Lights are beginning to go back on for some residents, and safe water is beginning to flow again.

Yet even before the hurricane, Puerto Ricans — like Texans — couldn’t count on a reliable grid. That prompted the New York attorney general’s office to call for an investigation of Puerto Rico’s power provider Luma Energy.

On Saturday, President Joe Biden approved an emergency declaration in Puerto Rico. The disaster-focused Federal Emergency Management Agency announced that federal aid would be made available to the commonwealth “beginning Sept. 17 and continuing.”

FEMA aid is focused. It alleviates pain and suffering in direct assistance.

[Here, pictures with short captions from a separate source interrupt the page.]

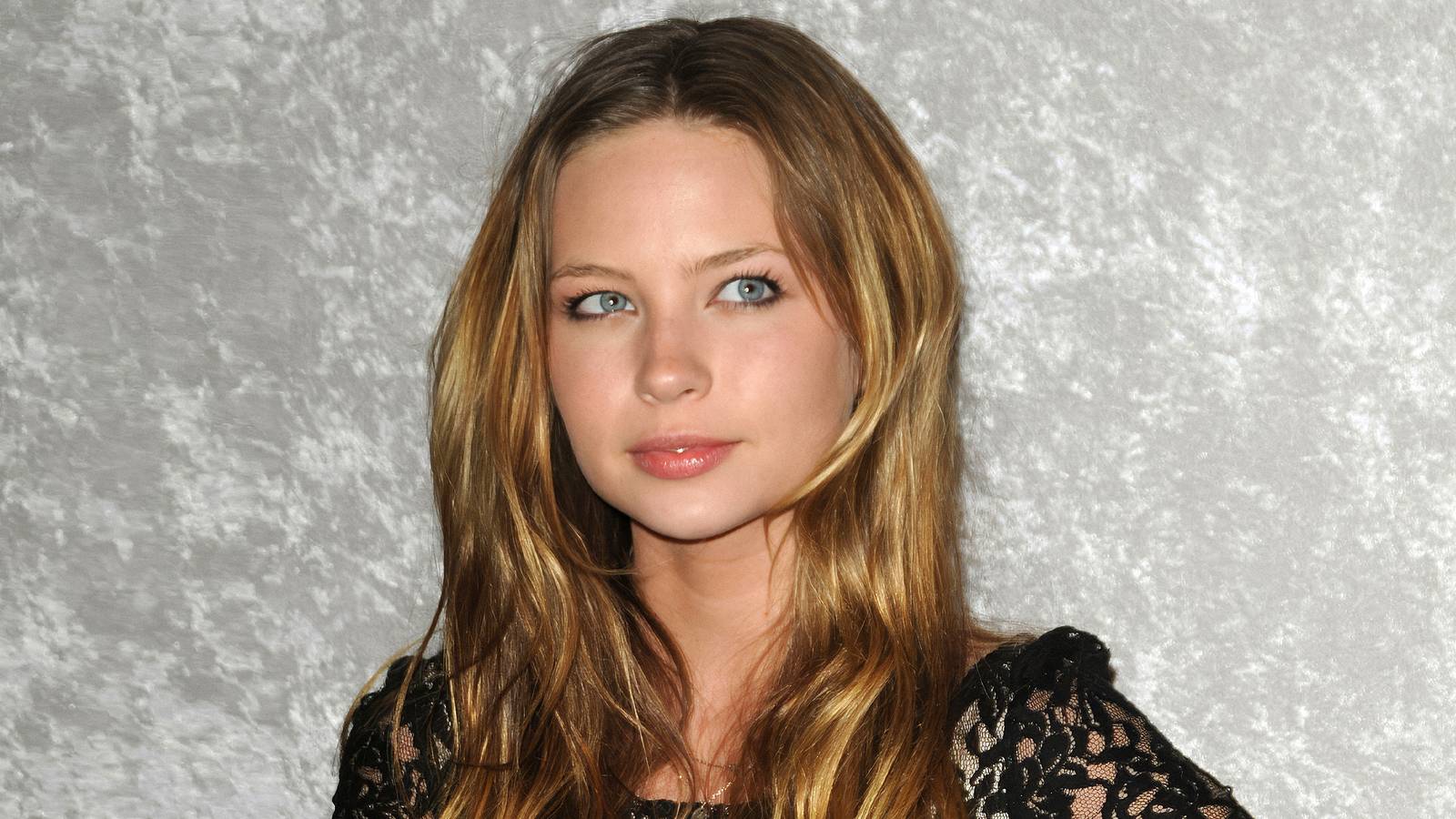 Lilo & Stitch Star Daveigh Chase Dies Tragically at 35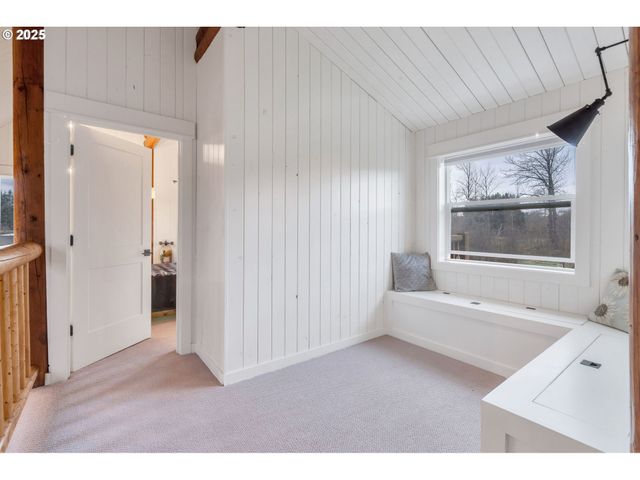 3671 JOHNS Pl, Salem, OR 97301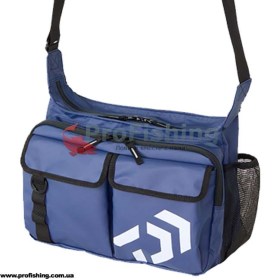 Сумка Daiwa Shoulder Bag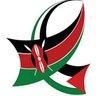 Фото профиля Kenya na Palestine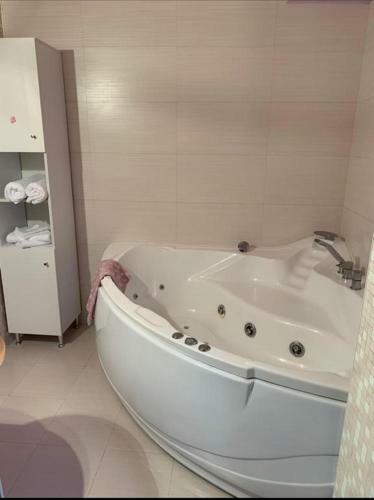 Apartament Central Afi Brasov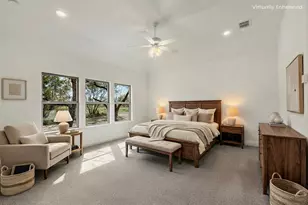 145 Tobiano Trce, Weatherford, TX 76087 - Photo 4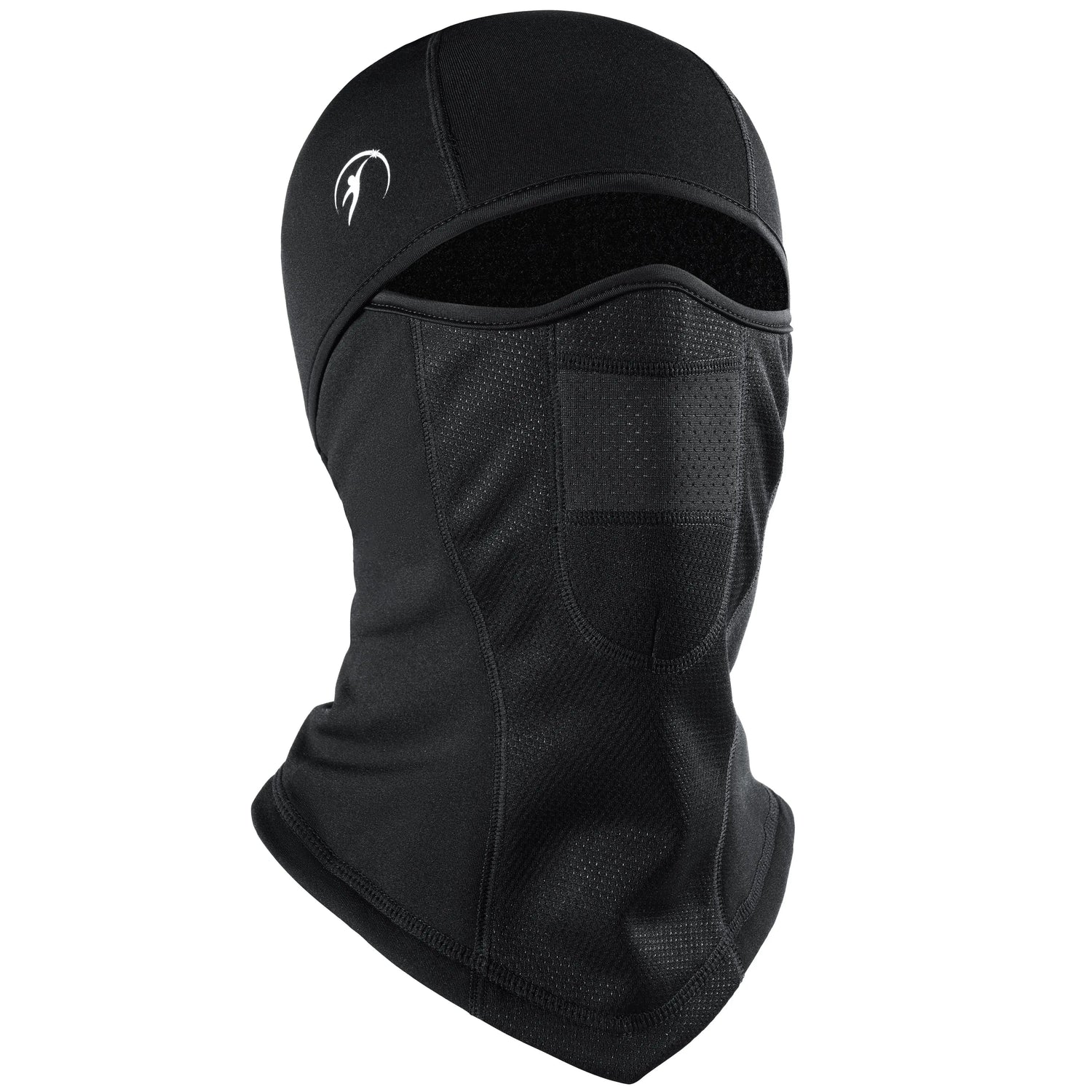 winter balaclavas ski mask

Five years ago, the Trump administration didn’t respond as quickly — nor as well. President Donald Trump placed layers of restrictions on aid, slowing the flow of money.

The Biden administration removed those restrictions, “as part of an effort to address racial disparities in the impact of climate change,” the New York Times reported.

Carmen Yulín Cruz
, the former mayor of San Juan, who now serves as a leadership fellow at Mount Holyoke College in Massachusetts, sees other differences.

“So far, we have seen an administration responding to a crisis with a people-centered approach,” she said to me via text this week in response to questions.

“This is in stark contrast to the response under the Trump administration,” Cruz said.

For Trump, it was all about optics. He visited the island and declared all well. Then he weaponized aid when he was faulted.

Cruz, who’ll be in San Antonio next week for an
Oct. 1 event
put on by the San Antonio Association of Hispanic Journalists, pointed to a
now-infamous scene
to make her point.

It was when Trump visited a relief distribution site in San Juan in 2017 and threw packages of paper towels to people. He seemed playful, like he was throwing a football, but even his staff grimaced.

A year later, a piece in the Washington Post described it as classic Trump, “eager to congratulate himself prematurely.”

“It’s now acknowledged what a great job we’ve done,” he said at the time.

Hurricane Maria proved him wrong. It was lethal. While the official death toll stayed at 64 for well over a year, 3,000 deaths were eventually counted.

A year later, the number was higher. Harvard University’s T.H.
Chan School of Public Health
put the number at 4,645, citing disruptions in healthcare, especially for the elderly and chronically ill.

So far, Puerto Rico’s death toll from Fiona is eight. Cruz cited other differences.

“I am sure that no one will throw paper towels at us and that in itself is a great difference,” she said Wednesday via text as she prepared to travel to San Juan.

“The important thing now is that much-needed aid does not get tangled up in the bureaucratic processes of the federal government,” she said.

Since 2017, Cruz has spoken repeatedly about the need not just for recovery in Puerto Rico but transformation.

“This is a monumental crisis, and it requires a monumental response” and “permanent solutions to recurring problems,” she said.

Cruz’s biggest recommendation: Let the mayors of the island’s 78 municipalities distribute aid directly to their residents.

She’s grateful for one major change. That the Biden’s administration “seems to embrace the overall principle that I had to fight so hard to be understood under the Trump administration: This is not about politics. This is about saving lives.”

She has a lot more to say about the status of her beloved island, but that’s going to have to wait until she gets to San Antonio and appears on my podcast.